Sequential Reports: Fan Expo Photos
(Mostly) Canadian Content
As an event partially dedicated to Canadian comics and comics creators, FanExpo 2008 could have been alot worse. FanExpo, billed as "a multi-genre convention" by its organizers, covered over 270,000 square feet at the Metro Toronto Convention Centre this past weekend, August 22-24. Roughly one-fifth of that massive space, accessible through a labyrinthine series of hallways and escalators, was dedicated to comics and cartooning, with space devoted to over 200 artists and writers (the so-called "Artists' Alley"), as well as to publishers, comics retailers, and assorted producers of ephemera.

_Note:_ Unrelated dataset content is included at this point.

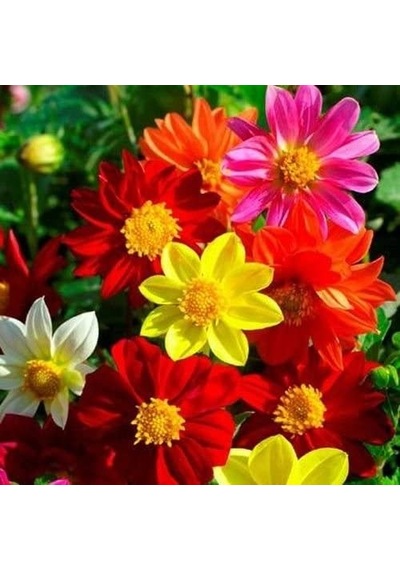30+ Dahlia Variabilis Mignon Çiçek Tohumu Karışık Renk Çiçekli N112318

-As Kevin Boyd notes in his wrap-up, the organizers of the comics show ("Comic Book Expo") made the wise decision this year to integrate all of the creators, regardless of genre ("indy meets pro", as the convention program has it), into one area, which made for a bustling space, with many fans discovering young artists who may have been overlooked in the past. In addition to several big-name U.S. creators like painter Alex Ross and DC editor-in-chief Dan Didio, the convention also featured a large number of Canadian artists who have made a name for themselves in the world of U.S. superhero comics. Alongside these were a huge group of more-or-less independent comics creators, self-publishers, and arts comics auteurs, representing the alternative comics world of graphic novels, minicomics, and fanzines. Jeff Lemire is perhaps the most well-known of this batch, having just won several awards for his Essex County graphic novel trilogy, published by Top Shelf. Lemire was busy sketching and selling artwork throughout the con and I personally witnessed him selling-out of copies of the newly-published final volume, The Country Nurse, around 4pm on Saturday.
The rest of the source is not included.